=== Records supplied ===
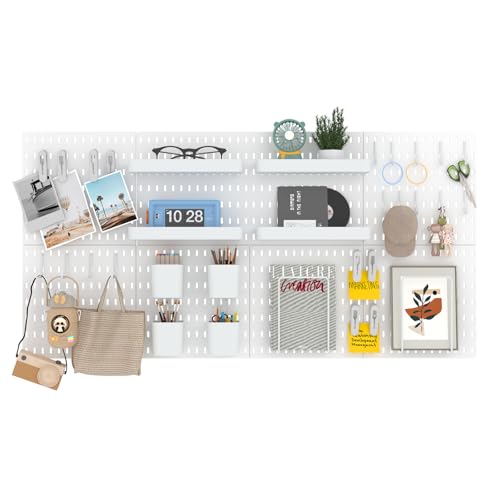 RIVTUN 8-Pack 22"x44" Plastic Pegboard Panels Durable Modular Organizer Boards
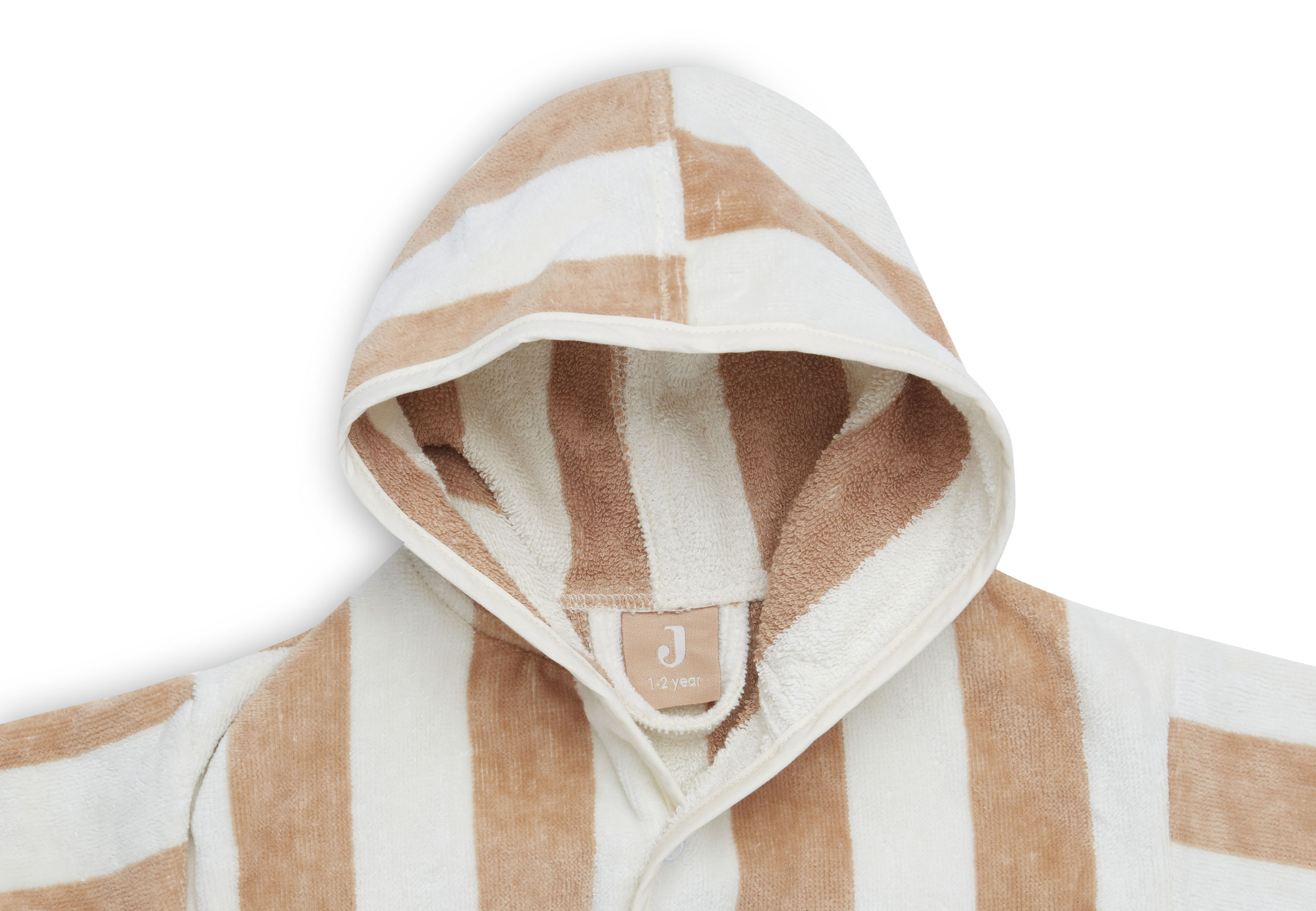 Badjas 3-4 jaar Stripe Terry - Biscuit - GOTS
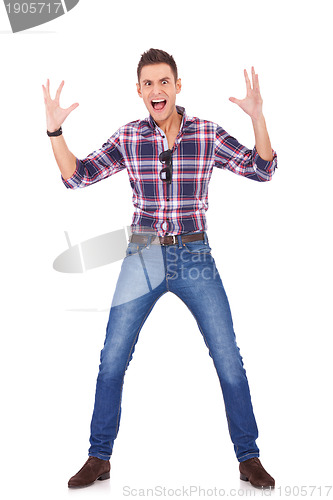 Image of man going crazy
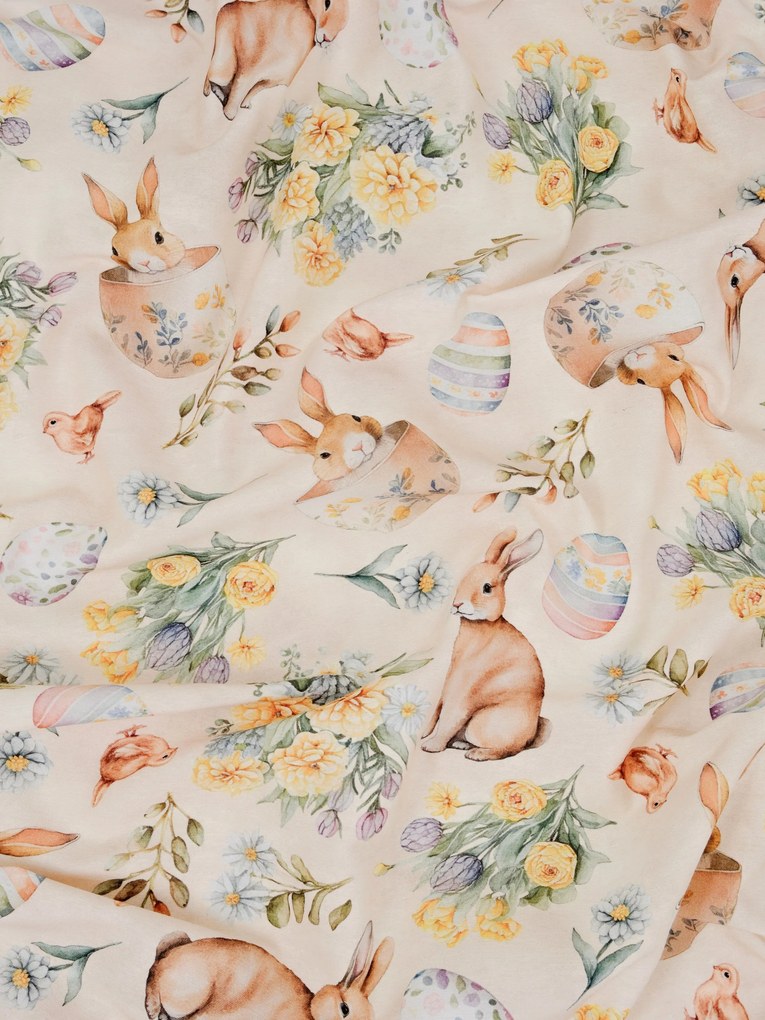 Veľkonočný okrúhly obrus Ø 140 cm - Zajačikovia béžový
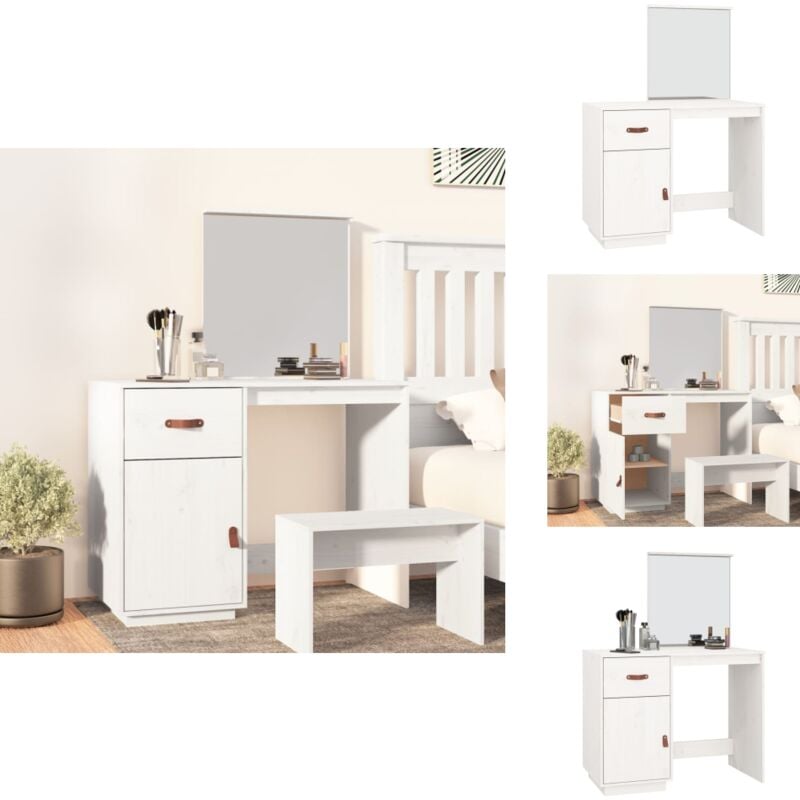 Vidaxl - Schminktisch Weiß 95x50x134 cm Massivholz Kiefer - Schminktisch - Kosmetikschrank - Badezimmermöbel - Spiegelschrank - Makeup Tisch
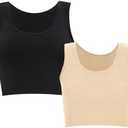 LODAY Women Transgender Tomboy FTM Elastic Chest Binder Bra Pullover Tank Top, 4XL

=== Task requirements ===
Leaving every picture out, output the data exactly as it stands.

=== Output of the task ===
 RIVTUN 8-Pack 22"x44" Plastic Pegboard Panels Durable Modular Organizer Boards
 Badjas 3-4 jaar Stripe Terry - Biscuit - GOTS
 Image of man going crazy
 Veľkonočný okrúhly obrus Ø 140 cm - Zajačikovia béžový
 Vidaxl - Schminktisch Weiß 95x50x134 cm Massivholz Kiefer - Schminktisch - Kosmetikschrank - Badezimmermöbel - Spiegelschrank - Makeup Tisch
 LODAY Women Transgender Tomboy FTM Elastic Chest Binder Bra Pullover Tank Top, 4XL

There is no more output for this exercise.